Words for Welcoming Winter

Alison Morris - December 21, 2009

It looks like Boston is in for a White Christmas this year, given what Mother Nature dropped on us over the weekend. The photo at right shows how one of our apartment windows looked on Sunday morning, before a passing storm had finished blanketing our streets (and trees and cars and anything else left uncovered).

This, the season’s first BIG snowfall, brought to mind for me some of my favorite poems about snow and winter.

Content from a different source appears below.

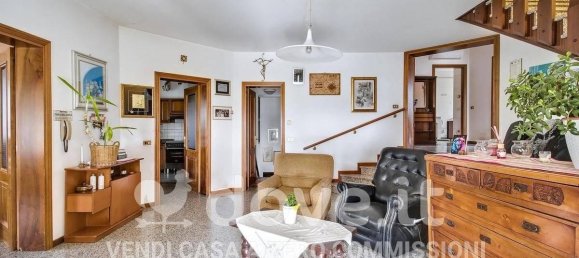 7-salle Villa à San Giorgio in Bosco, Italy No. 64021 5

I thought I’d kick off the week by sharing two of those here and close it, on Christmas Day, with a third.
In the meantime, the retail frenzy will continue, as Josie and Elizabeth meet the needs of customer after customer at The Flying Pig and we at Wellesley Booksmith do the same for our crowd — just as soon as they’ve finished shoveling out their driveways!

Today’s first poem comes from Moon, Have You Met My Mother? The Collected Poems of Karla Kuskin, illustrated by Sergio Ruzzier (HarperCollins/Laura Geringer Books, 2003), where it appears on page 165.

Summer is gone
and so are the roses.
Sidewalks are icy
and so are our noses.
Noses are rosy
and so are our cheeks
and will be for many long
wintery weeks.

This next poem appears in Winter Poems, selected by Barbara Rogasky and illustrated by Trina Schart Hyman (Scholastic, 1994). (Note that this poem offers some comfort to those of you are NOT fans of this particular season.)

I Heard a Bird Sing
by Oliver Herford

I heard a bird sing
In the dark of December
A magical thing
And sweet to remember:
"We are nearer to Spring
Than we were in September,"
I heard a bird sing
In the dark of December.

Anyone else have favorite words for winter? If so, please share them here.

4 thoughts on “Words for Welcoming Winter

  1. Heidi Dru Kortman

    Flakes drift down… those clouds have really BAD dandruff Flakes cling to boughs birds tussle at the feeder Flakes drift the roads and as the plow grinds by, I sit, warm indoors with cup of tea, and look at snow in the best possible place… A BOOK!

  2. Heidi Dru Kortman

    School children shout for joy. Snow falls. Cold winds slide through trees and cracked windowpanes. The falling snow blows. Sidewalks dampen black with melt. Hard earth oozes slick mud. Snow, unheeding, falls. Dry brown leaves bleach beige Living grass turns fairy-silver Persistent snow creeps down. Etched trees tarnish the pewter sky. Lamplight is warmest now, as Snow silently falls.